---------- Data section ----------

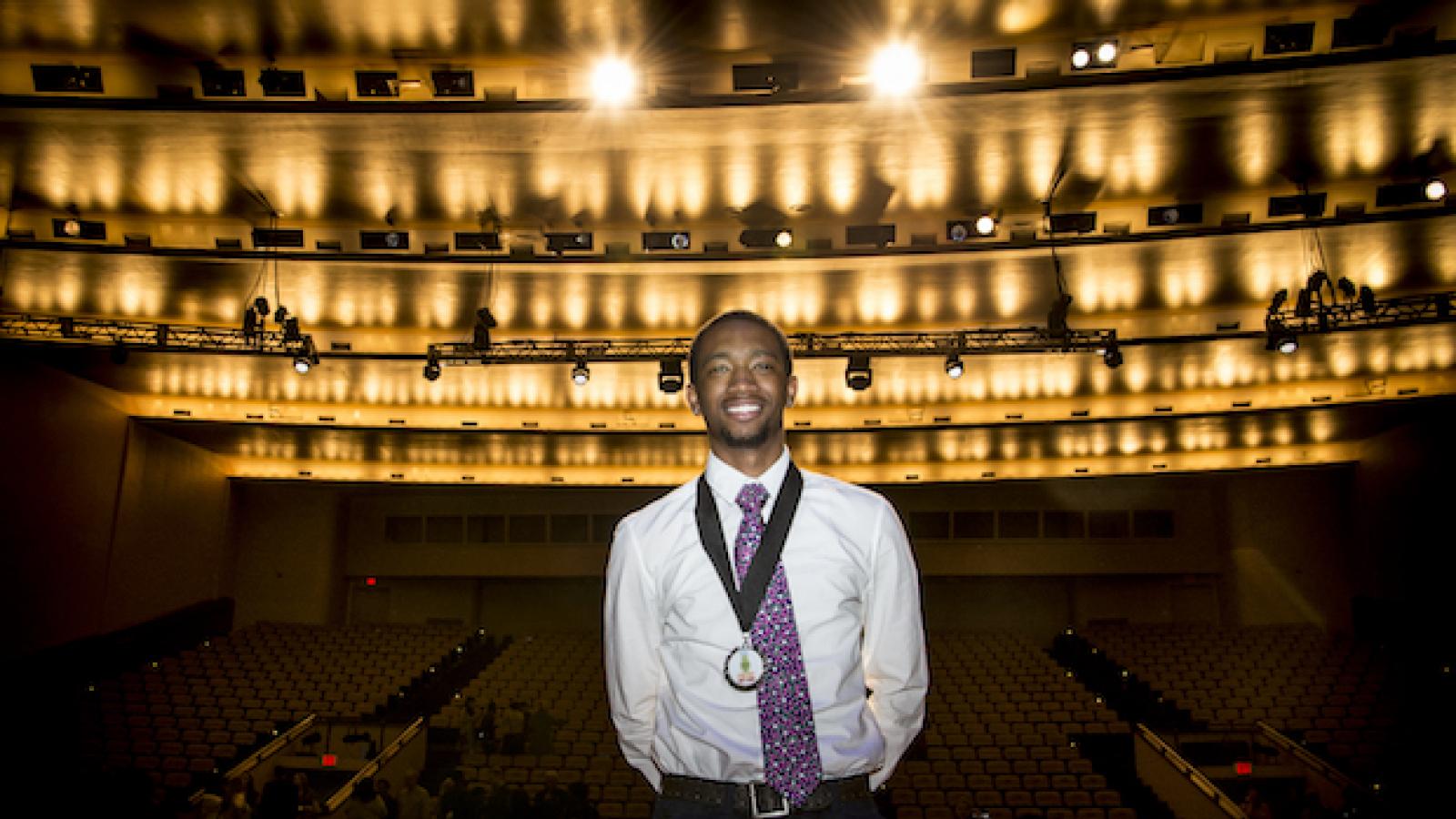 a young black man stands on a stage with back to audience and halo of stage lights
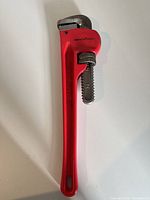 Full view of red Benchmark 14" pipe wrench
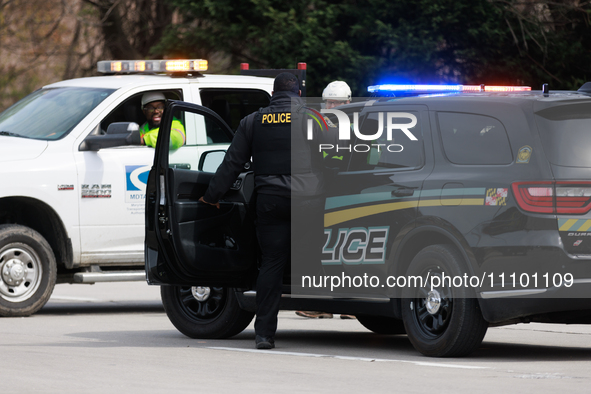 Maryland Transportation Authority Police work alongside Maryland Department of Transportation officials to deliver supplies to emergency off...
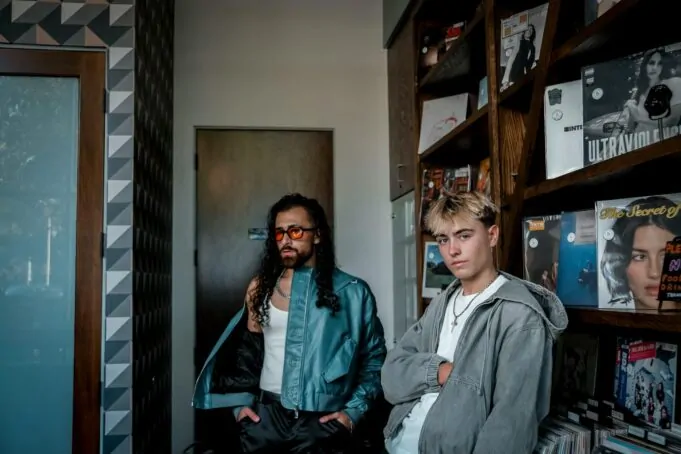 trendy young men in urban record store setting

----------

Please restate exactly the lines from the one containing "Full view of" down to the end of the material, both ends kept, and do not include the pictures.

 Full view of red Benchmark 14" pipe wrench
 Maryland Transportation Authority Police work alongside Maryland Department of Transportation officials to deliver supplies to emergency off...
 trendy young men in urban record store setting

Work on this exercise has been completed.